Development of technologies to in-process and on-machine measurement of the force for machining energy optimisation and quality management

The complexity of machining processes is increasing and the same happens with the requirements for accuracy and precision. In this context, the demand for advanced methods for process optimization has increased and, at the same time, energy saving constitutes a considerable topic in the industrial sector.
These two aims only could be achieved with in-process and on-machine monitoring, providing data that will be processed in real time. Fortunately, advanced manufacturing is using information technology to improve the communication speed and gaining efficiency on transmission and storage of data, opening the door for online energy monitoring by directly measuring cutting power.
This way, it will be possible to achieve optimum machining condition based on minimum energy consumption. Some of these methods explore the cutting conditions of the machining process using a discrete event modelling approach for the energy assessing model. After that, computational methods will find the best parameters to make the process more efficient and tailored to a specific material, reducing the cost of production.
The next graph is an example of how the optimal cutting velocity value could be found after several cutting trials with different values for this parameter (x axis) and the generated specific cutting energy calculated for each trial(y axis). The less energy consumptions velocity values could be automatically extracted and plotted(Yellow point). The same process will then carried out, using this optimum velocity value to determine the optimal acceleration value.


Extracting the data inside the machine and remote controlling are the first steps for self-controlled manufacturing systems that take into consideration environmental issues.

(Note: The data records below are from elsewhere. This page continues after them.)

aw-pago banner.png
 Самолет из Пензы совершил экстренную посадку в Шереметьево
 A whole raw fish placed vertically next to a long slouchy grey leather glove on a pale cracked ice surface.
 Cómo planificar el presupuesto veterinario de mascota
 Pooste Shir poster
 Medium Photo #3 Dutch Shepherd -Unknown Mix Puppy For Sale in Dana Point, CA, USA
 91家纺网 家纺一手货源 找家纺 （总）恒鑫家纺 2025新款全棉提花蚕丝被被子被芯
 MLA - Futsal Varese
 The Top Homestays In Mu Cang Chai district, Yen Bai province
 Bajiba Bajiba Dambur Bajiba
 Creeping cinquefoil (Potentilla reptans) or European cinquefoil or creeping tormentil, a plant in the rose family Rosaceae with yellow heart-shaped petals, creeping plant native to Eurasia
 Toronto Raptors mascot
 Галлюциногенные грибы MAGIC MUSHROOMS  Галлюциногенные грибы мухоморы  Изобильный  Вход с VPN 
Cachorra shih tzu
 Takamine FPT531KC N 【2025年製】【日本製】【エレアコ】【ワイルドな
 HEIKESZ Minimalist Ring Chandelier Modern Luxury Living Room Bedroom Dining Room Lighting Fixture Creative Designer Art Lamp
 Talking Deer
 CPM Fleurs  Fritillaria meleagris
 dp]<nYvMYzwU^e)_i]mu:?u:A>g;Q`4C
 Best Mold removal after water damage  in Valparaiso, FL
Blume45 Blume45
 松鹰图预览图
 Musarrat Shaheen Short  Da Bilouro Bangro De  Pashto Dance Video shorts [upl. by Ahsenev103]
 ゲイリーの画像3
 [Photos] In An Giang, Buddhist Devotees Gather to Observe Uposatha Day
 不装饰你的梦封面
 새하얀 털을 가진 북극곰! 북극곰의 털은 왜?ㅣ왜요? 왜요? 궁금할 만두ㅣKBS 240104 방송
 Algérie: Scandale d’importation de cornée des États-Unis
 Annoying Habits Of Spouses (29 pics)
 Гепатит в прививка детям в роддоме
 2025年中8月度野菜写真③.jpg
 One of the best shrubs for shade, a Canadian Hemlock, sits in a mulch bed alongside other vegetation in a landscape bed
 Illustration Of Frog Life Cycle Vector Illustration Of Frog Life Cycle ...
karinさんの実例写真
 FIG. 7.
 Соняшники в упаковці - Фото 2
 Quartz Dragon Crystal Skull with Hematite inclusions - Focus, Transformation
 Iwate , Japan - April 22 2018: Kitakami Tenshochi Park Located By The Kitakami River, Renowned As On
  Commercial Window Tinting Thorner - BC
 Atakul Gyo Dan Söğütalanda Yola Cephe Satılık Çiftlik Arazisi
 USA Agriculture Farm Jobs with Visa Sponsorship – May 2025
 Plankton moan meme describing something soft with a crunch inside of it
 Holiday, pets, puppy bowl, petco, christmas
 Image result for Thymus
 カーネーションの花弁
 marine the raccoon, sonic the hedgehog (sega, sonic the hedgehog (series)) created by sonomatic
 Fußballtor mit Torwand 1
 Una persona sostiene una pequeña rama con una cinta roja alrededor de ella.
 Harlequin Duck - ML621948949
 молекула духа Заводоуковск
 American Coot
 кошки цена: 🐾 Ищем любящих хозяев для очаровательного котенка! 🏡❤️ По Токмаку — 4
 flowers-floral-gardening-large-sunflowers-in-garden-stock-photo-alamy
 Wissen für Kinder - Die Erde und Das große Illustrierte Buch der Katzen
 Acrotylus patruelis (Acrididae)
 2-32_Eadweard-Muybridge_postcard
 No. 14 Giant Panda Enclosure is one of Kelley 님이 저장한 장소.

To better control this process, semi-automatic data cleansing process has to be performed for data quality assurance. For this task to be performed, it is necessary to build a mapping relation of a measurement item and the corresponding machining operations. The following graph shows how these two ideas can be put together showing, overlapped, the different trials performed(up to 15) as shown in the x axis and the value for the power consumed(y axis). The interface allows setting the values to be used for calculations, discarding those considered to be noise.